The problem is that there are non-episode links which are formatted identically. However, each link tag contains text- for the episode links these contain the episode titles, which are formatted consistently. The titles are filtered to exclude non-episode links.

In [10]:
def title_filter(title):
    ## Filter string to see if it matches the expected title format
    pat = re.compile('\d{2}x\d{2}')
    if (pat.match(title[0:5])):
        return True
    return False

In [11]:
## Loop through each page and scrape for episode titles and links
eps = []
for p in pages:
    page_url = "https://transcripts.foreverdreaming.org/viewforum.php?f=22&start=" + str(p)
    page_req = requests.get(page_url)

    page_soup = BeautifulSoup(page_req.text, 'html.parser')
    
    tds = page_soup.findAll("td", {"class": "topic-titles row2"})

    for td in tds:
        title = td.get_text().replace("\n", "")
        link = td.find("h3").find('a')['href'][1:]
        if (title_filter(title)):
            eps.append(
            {
                "title": title,
                "link": link,
            })

Each page link is scraped now to get the actual scripts.

In [12]:
## Scrape each page for episode script
for ep in eps:
    ep['script'] = [];
    ep_url = base_url + ep['link']
    ep_req = requests.get(ep_url)
    # Findall needs to be converted from a list of tags into a list of strings
    ep_soup = BeautifulSoup(ep_req.text, 'html.parser')
    for tag in ep_soup.find_all("div", class_="postbody")[0].find_all("p"):
        ep['script'].append(tag.text.strip())

Dump raw scripts to JSON

In [15]:
def write_json(soup, file_name):
    with open(file_name + '.json', 'w+') as outfile:
        json.dump(soup, outfile)

In [17]:
write_json(eps, './output/gilmore_raw_scripts')

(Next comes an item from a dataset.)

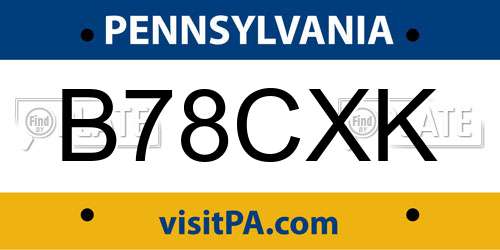 B78CXK Pennsylvania License Plate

MOVING ALL THIS JAZZ TO A SEPARATE NOTEBOOK

The scripts unfortunately are not formatted consistently- the immediate issue is that sometimes episode titles are included, as well as credits for writers, directors, transcriber, etc. Even these aren't consistently formatted, or even consistently included.

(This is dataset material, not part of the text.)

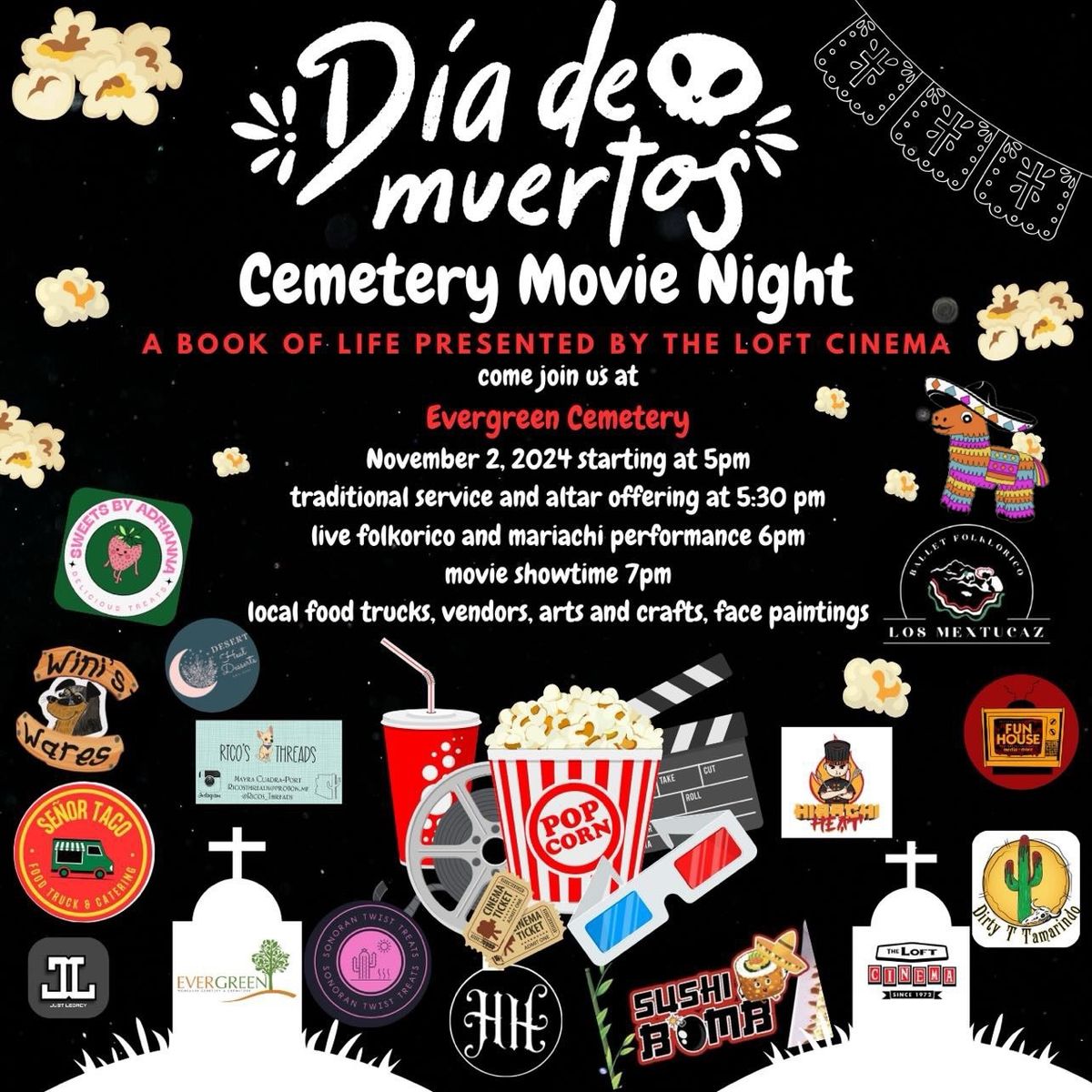 D\u00eda de los Muertos Cemetery Movie Night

However, there are a few keywords at the beginning of each credit line, and these credits never go for more than 5 lines. By iterating backwards through the first five lines of each script, the index of the last credit line is found, and then used to remove all lines before it- the scripts end up scrubbed clean of titles and credits.

In [107]:
## Scrub non-script elements out of head of each script
def delete_multiple_element(list_object, indices):
    indices = sorted(indices, reverse=True)
    for idx in indices:
        list_object.pop(idx)
        if idx < len(list_object):
            pop = list_object.pop(idx)

for ep in eps:
    keywords = ["written", "directed", "transcript", "teleplay", "story", "transcribed"]
    for p in range(5, -1, -1):
        if ep['soup'][p].lower().split(" ")[0] in keywords:
            delete_multiple_element(ep['soup'], range(0, p+1))
            break

In [3]:
eps[20]['soup']

["CUT TO RORY'S BEDROOM ",
 '(Rory is asleep in bed. Lorelai opens the door and looks in.) ',
 'LORELAI: Hey! ',
 'RORY: What? ',
 'LORELAI: You are not sleeping through this. ',
 'RORY: Through what? ',
 '(Lorelai walks over to the bed and leans over her.) ',
 'LORELAI: The freaking Blue Man Group is outside our house! ',
 'RORY: I was sleeping through it! ',
 'LORELAI: It had to have woken you up. ',
 'RORY: No my insane mother Margot Kidder Gilmore woke me up. ',
 'CUT TO FRONT PORCH ',
 '(Lorelai walks out the door onto the front porch. Luke is hammering the porch rail.) ',
 'LORELAI: Hey. ',
 'LUKE: Hey. ',
 'LORELAI: How are you today? ',
 'LUKE: Good, how are you? ',
 'LORELAI: Good, good. What are you doing? ',
 'LUKE: Fixing your porch rail. ',
 "LORELAI: That's right. You are. You're fixing my porch rail. . . . At six thirty in the morning! ",
 'LUKE: It was the only time I could do it. ',
 'LORELAI: Why? Why? ',
 'LUKE: It was broken. I noticed last time I was here. It could

Further cleaning notes:
* There's a whitespace at the end of each line that trim isn't removing. I think it's a "\n".
* Stage directions are in both round and square brackets.
* "Cut to" transitions aren't always in parentheses.
* There's a "The End" line at the bottom of some (all?) scripts.
* Need to split out each line into character and dialog.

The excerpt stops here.